4G LTE availability (network availability)

  • 4G LTE is the baseline mobile broadband technology across most of Georgia and is generally expected to be broadly available along major corridors and population centers such as Calhoun and I‑75. Provider-reported LTE coverage footprints for Gordon County can be checked on the FCC National Broadband Map.
  • Real-world LTE performance varies with tower density, spectrum holdings, backhaul capacity, indoor attenuation, and terrain (notably ridge/valley effects).

5G availability (network availability)

  • The FCC map and carrier maps show where 5G is reported as available. In practice, 5G in many counties tends to appear first in and around higher-traffic areas (city centers, highway corridors) and then expands outward.
  • 5G is not a single technology tier from a user perspective; deployments may include:
    • Low-band 5G (broader area coverage, modest speed increases relative to LTE in some conditions)
    • Mid-band 5G (often associated with more consistent speed and capacity improvements but requires denser infrastructure)
    • High-band/mmWave (very high speeds, limited range; typically concentrated in dense urban zones)

The FCC National Broadband Map is the most consistent public source to distinguish reported mobile broadband technology availability by location, though it does not reliably convey indoor performance or congestion.

Usage patterns (actual use)

  • County-specific, public, and regularly updated metrics describing how residents in Gordon County use mobile internet (share of traffic on mobile vs fixed, streaming vs work, etc.) are not typically available from government sources.
  • Census-derived indicators can support inference about reliance on smartphones as an internet access device (e.g., households with a smartphone and without a wireline subscription), but they measure access and subscription types rather than detailed usage behavior.
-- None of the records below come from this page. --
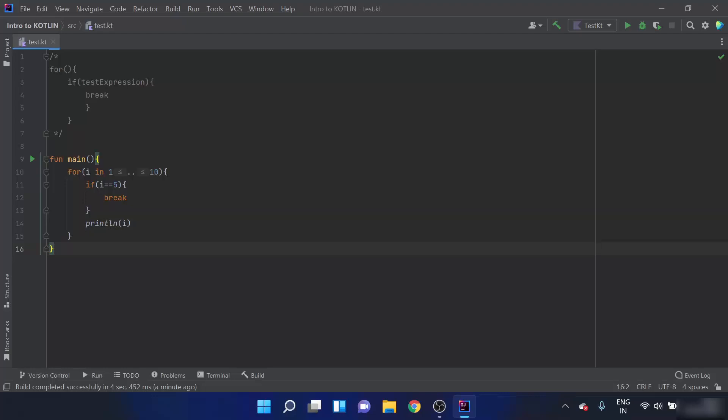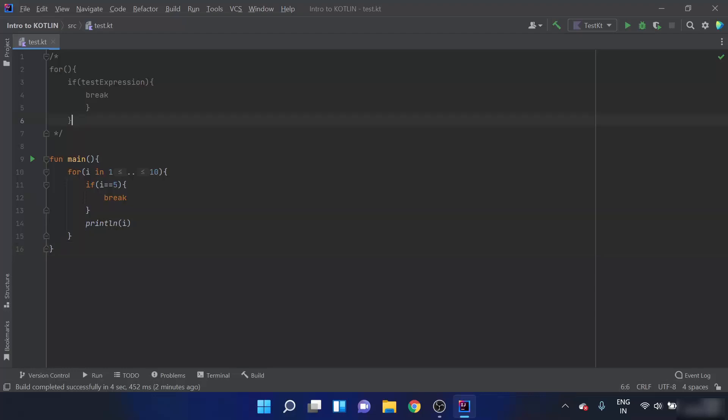Now we will move ahead and learn about labeled break in Kotlin. What we have learned till now is an unlabeled form of break which terminates the nearest enclosing loop. There is another way break can be used — to terminate a desired loop, or in other words, to terminate an outer loop. A label in Kotlin starts with an identifier followed by an at-sign (@).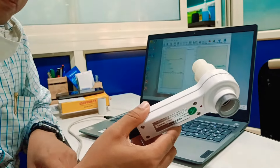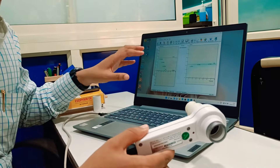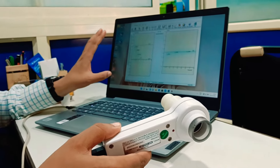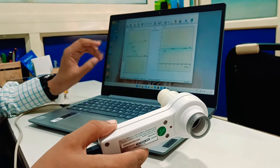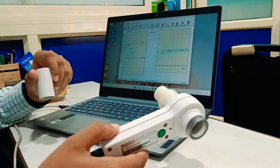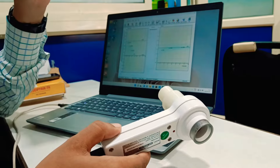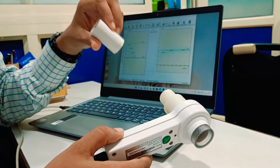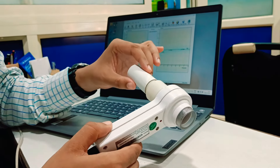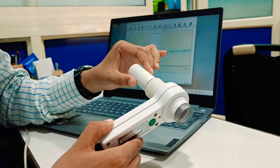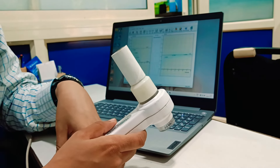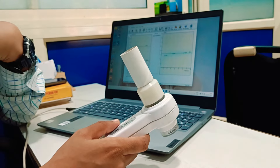This is a spirometer, and this is a connecting cable attached to my laptop. There is software that will do the necessary work. This is a disposable, standardized mouthpiece — we put it here. To begin, you have to inhale first.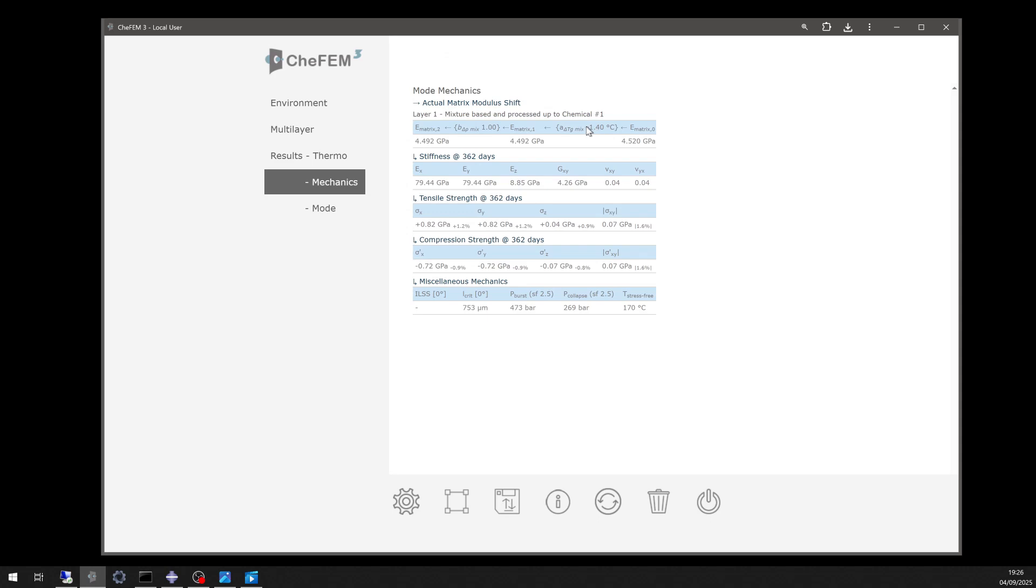After one year, the time-dependent epoxy matrix TG shift is minus 1.4 degrees Celsius.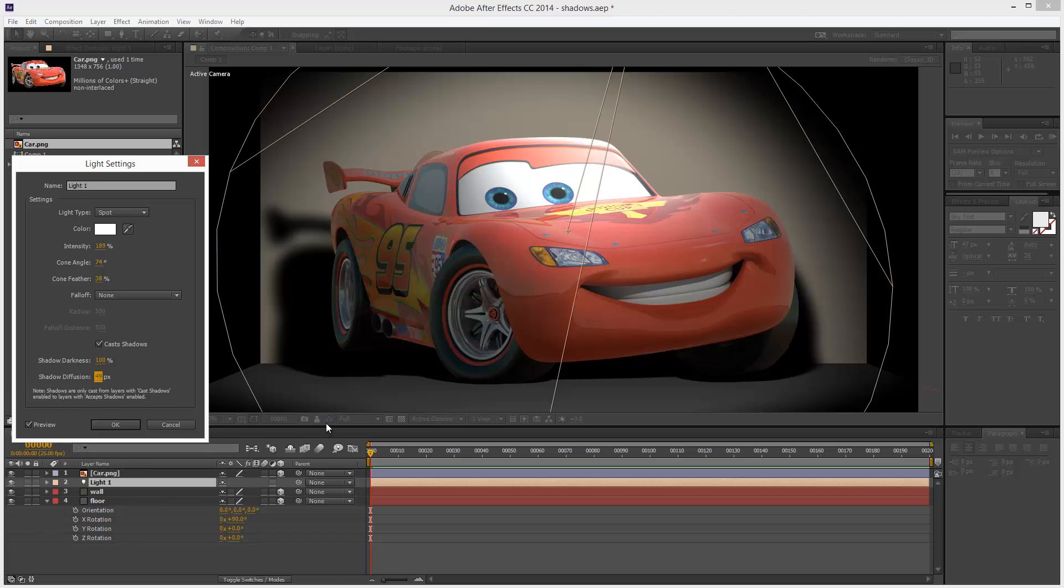So that's a quick introduction to material options and 3D shadows. Join me in part 3 for more 3D and After Effects. If you found this useful, please share it. And thanks for watching.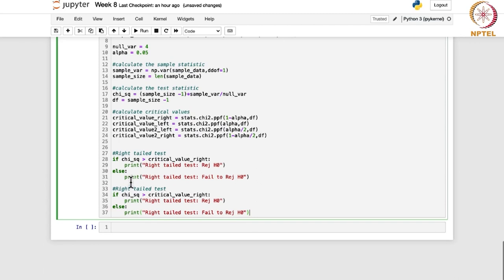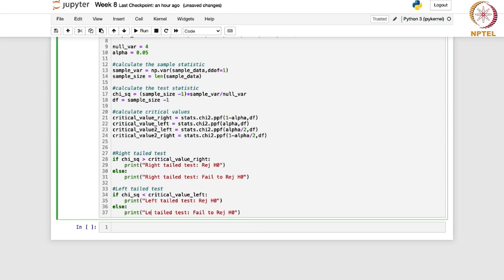Likewise, you can write for the other two tests. For the left-tail test, chi-squared is less than the left critical value — that is chi-squared_L — which is based on alpha by 2 at degrees of freedom n minus 1. For the right-tail test the alternative is sigma-squared greater than 4, and for the left-tail test the alternative is sigma-squared less than 4.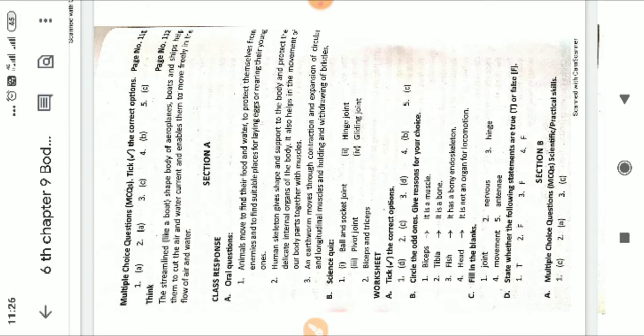This contains the oral questions, science quiz questions. Tick the correct options, circle the odd ones, collapse, etc. This is the second page.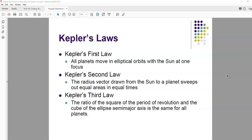So Kepler's laws — there are three of them. Kepler's first law: all planets move in elliptical orbits with the sun at one focus. This is based on detailed observation, night after night. He noticed that they move in elliptical orbits. Some of the planets only deviate from a circular orbit by a tiny bit, so noticing that the planets move in elliptical orbits and not circular orbits is actually quite an achievement in and of itself.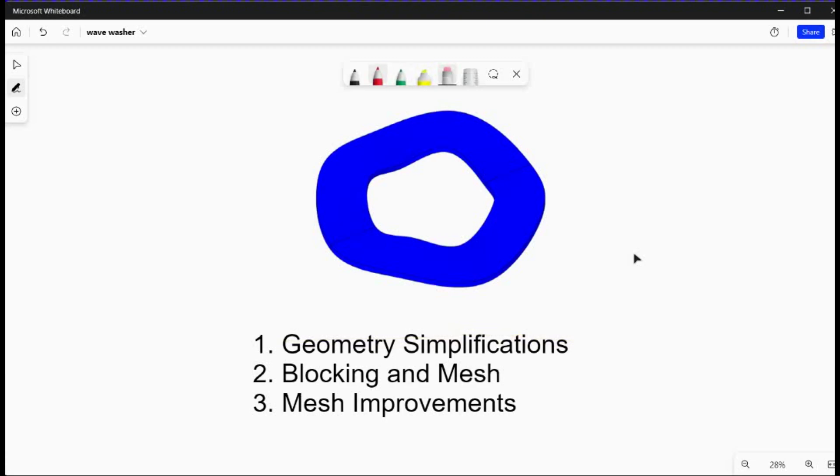Hello friends, in this video we will learn how to mesh a wave washer in ANSYS SpaceClaim.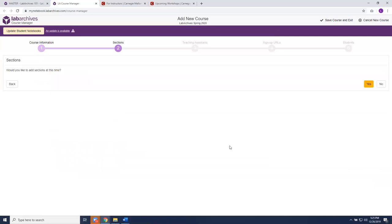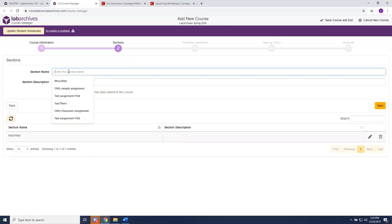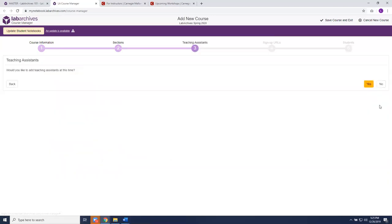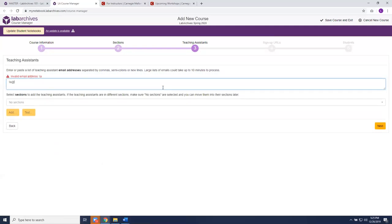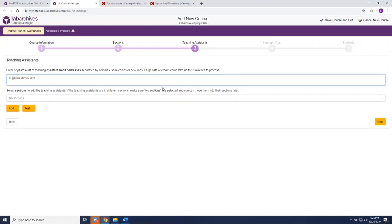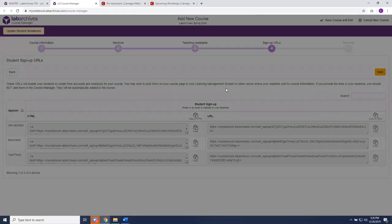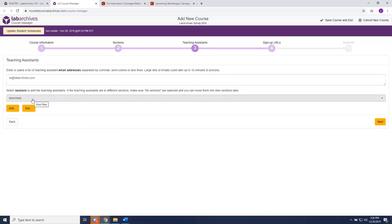That takes us to step two: adding sections. We'll add a Monday/Wednesday section and a Tuesday/Thursday section. Step three is adding teaching assistants — type the TA's email address, assign them to the right section, and click Next. You'll see that ta@labarchives.com has been assigned to the Monday/Wednesday section.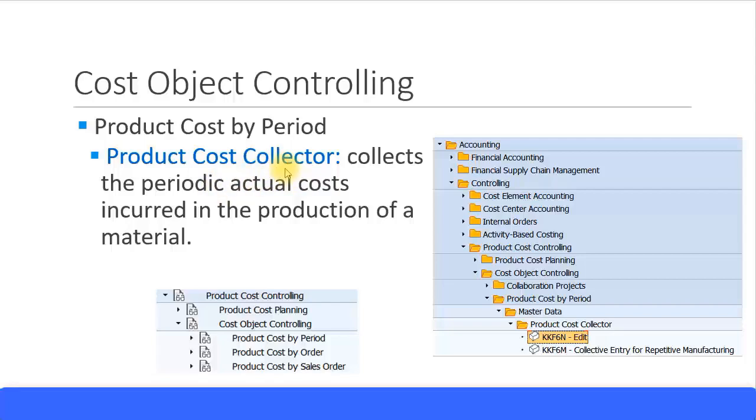Once again, the definition for product cost collector is a cost object which collects the periodic actual cost incurred in the production of a material.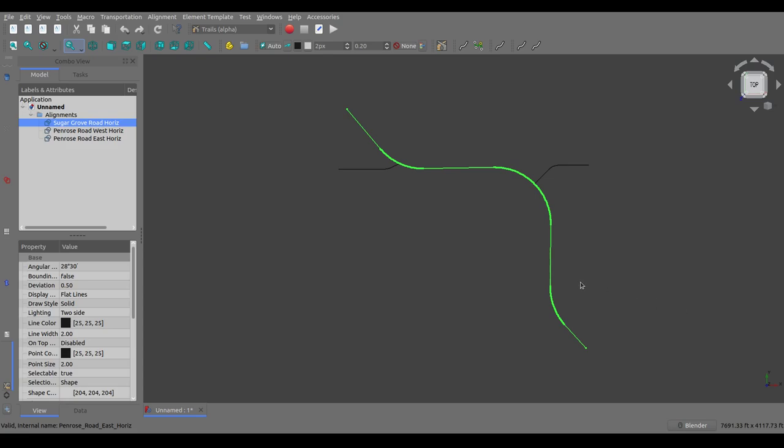Okay, so I wanted to take a little bit of time and do a quick update on some of the work that I've been doing for the horizontal alignment design tool for the FreeCAD Trails Workbench.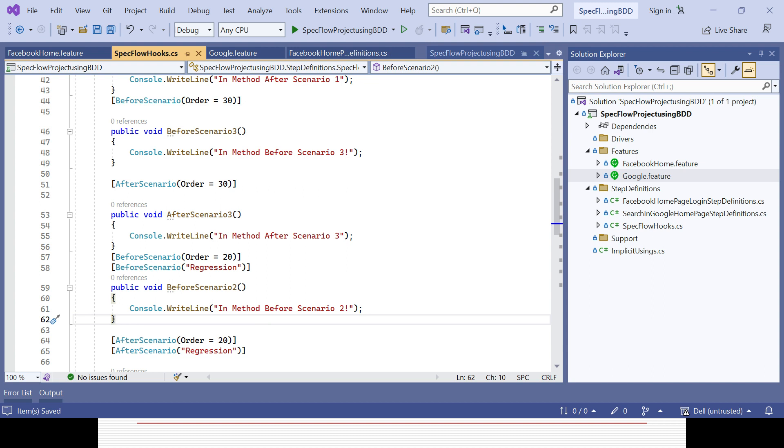Tagged hooks will help you in the SpecFlow framework. That's all from today's session, thank you.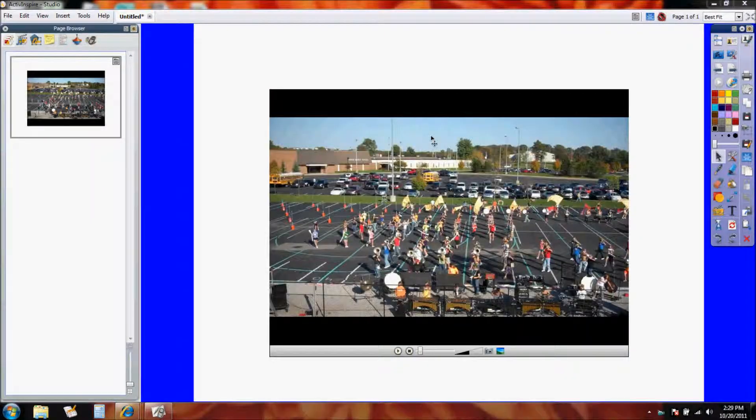Once we have our video in our lesson plan, you need to be aware that this video is going to automatically play every time you open this page whether you like it or not. Now that might be fine, that might be what you're going for, but if you do not want this video to play automatically until you tell it to, you need to set it to do that.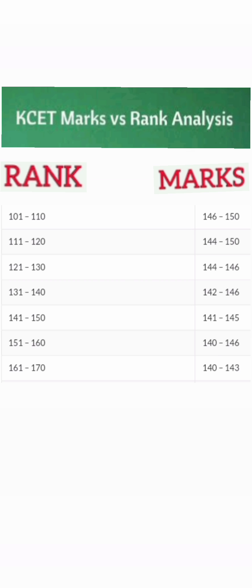If your marks are above 140, looking from the bottom, for marks just above 140 you will get a rank of around 160 to 170. For marks up to 145 your ranks will be under 150 in Karnataka. If your marks are further increasing up to 150, with 50 marks in each subject, your rank will be between 101 to 110.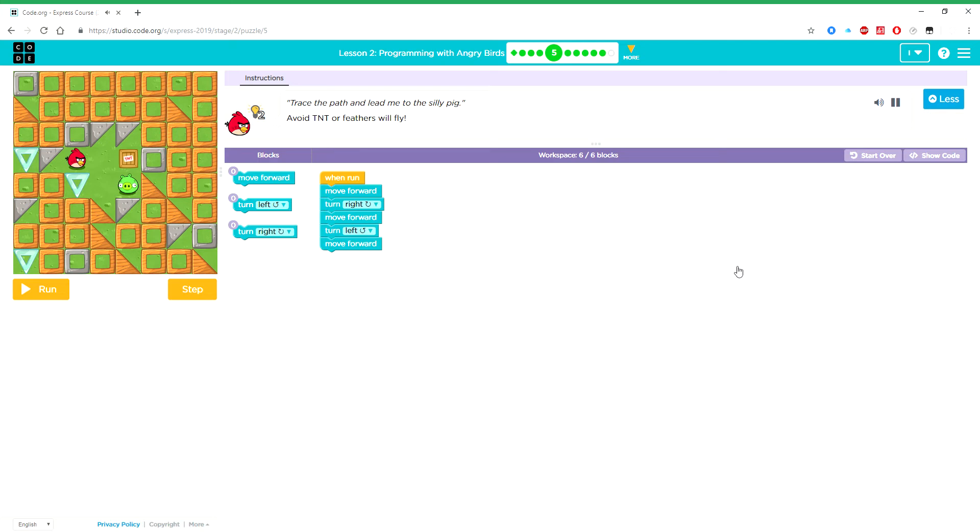Trace the path and lead me to the silly pig. Avoid TNT or feathers will fly.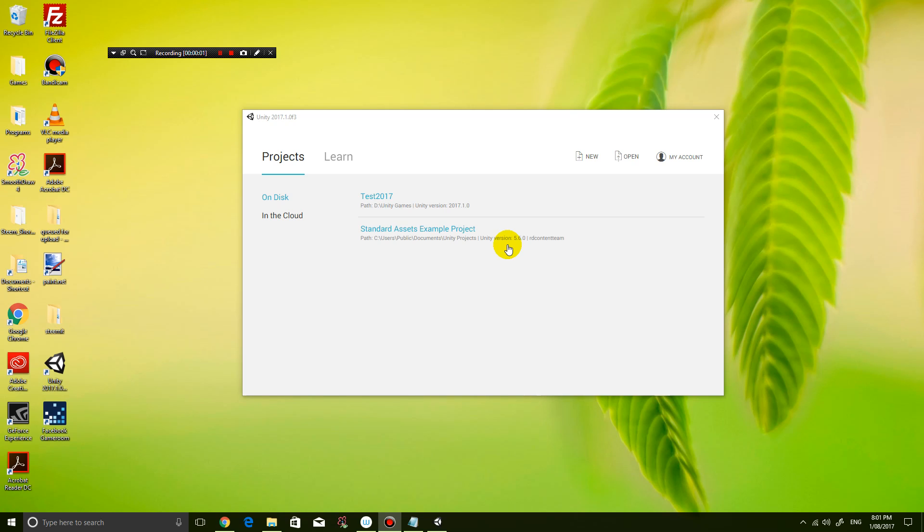Hey guys, it's Eddie the Magic Monk. In this video I'm going to show you guys how to create and spin a very simple coin in the latest version of Unity, which is Unity 2017.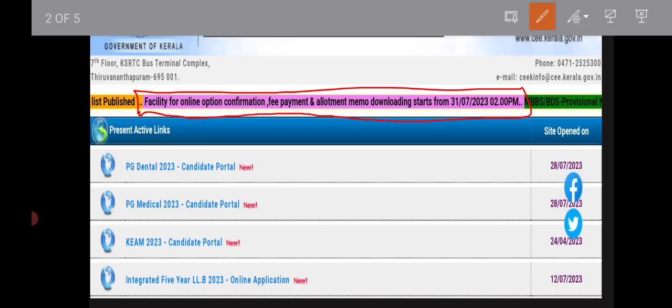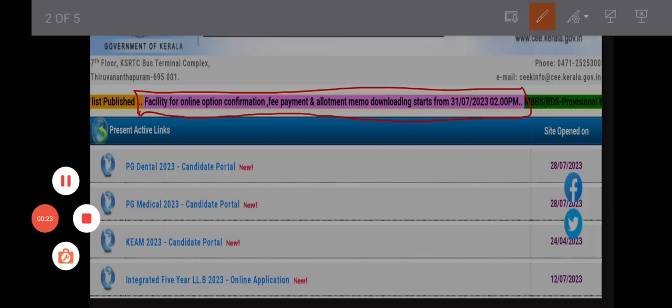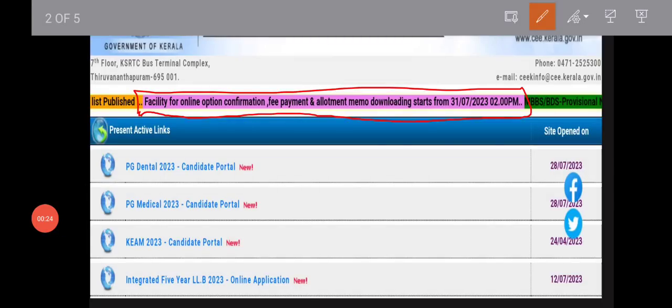Facility for online option confirmation, fee payment, and allotment memo downloading starts on 31-7-2023 at 2pm. If you want to click on the link, you can get the allotment memo. You can download the allotment memo, log in via that link, complete the fee payment, and print all the information.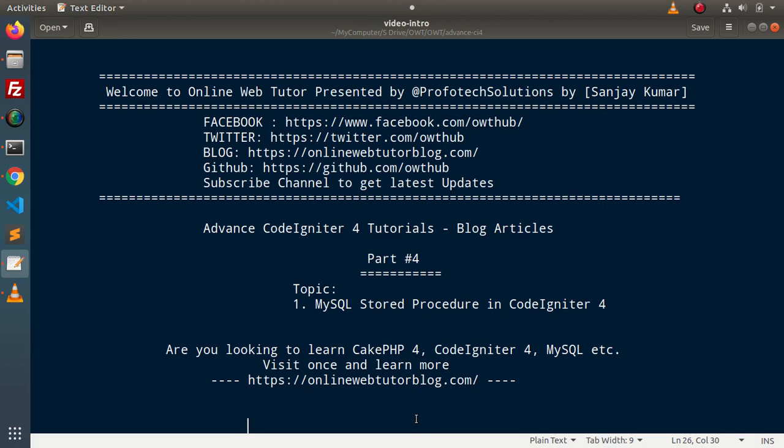Hello guys. Welcome to Online Web Tutor. I am Sanjay. We are learning advanced CodeIgniter 4 tutorials. Inside this video, we will see the concept that is MySQL stored processor in CodeIgniter 4.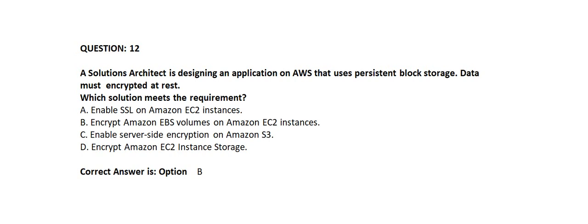Correct answer is Option B: Encrypt Amazon EBS volumes on Amazon EC2 instances.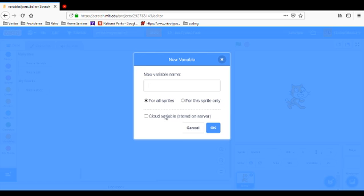And a cloud variable. So, if you're going to share this project, if somebody else changes the variable, it will stay like that with the cloud variable. We're just going to do for all sprites, we're just going to call this variable.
These tables are accessible through Census.gov.

Limitation: County-level breakdowns of 4G vs 5G usage (as opposed to availability) are generally proprietary to carriers or analytics firms and are not published as official county statistics.

Common device types (smartphones vs. other devices)

  • Smartphones are the dominant mobile endpoint for consumer connectivity. Public measurement of smartphone prevalence is most commonly derived from household survey data (device ownership/access) rather than network data.
  • The U.S. Census Bureau reports household access to computing devices and the internet (including smartphone access and broadband subscription types) through tables accessible at Census.gov. These tables can help distinguish:
    • Households with smartphones
    • Households with computers/tablets
    • Households with internet subscriptions and, in some tables, whether access is via cellular data plan, cable/fiber/DSL, satellite, or other arrangements

Limitation: Device-type splits specifically for Gordon County (smartphones vs feature phones vs hotspots) are not consistently available as a single “device mix” statistic. Government sources more commonly report household access categories rather than telecom-style device inventory.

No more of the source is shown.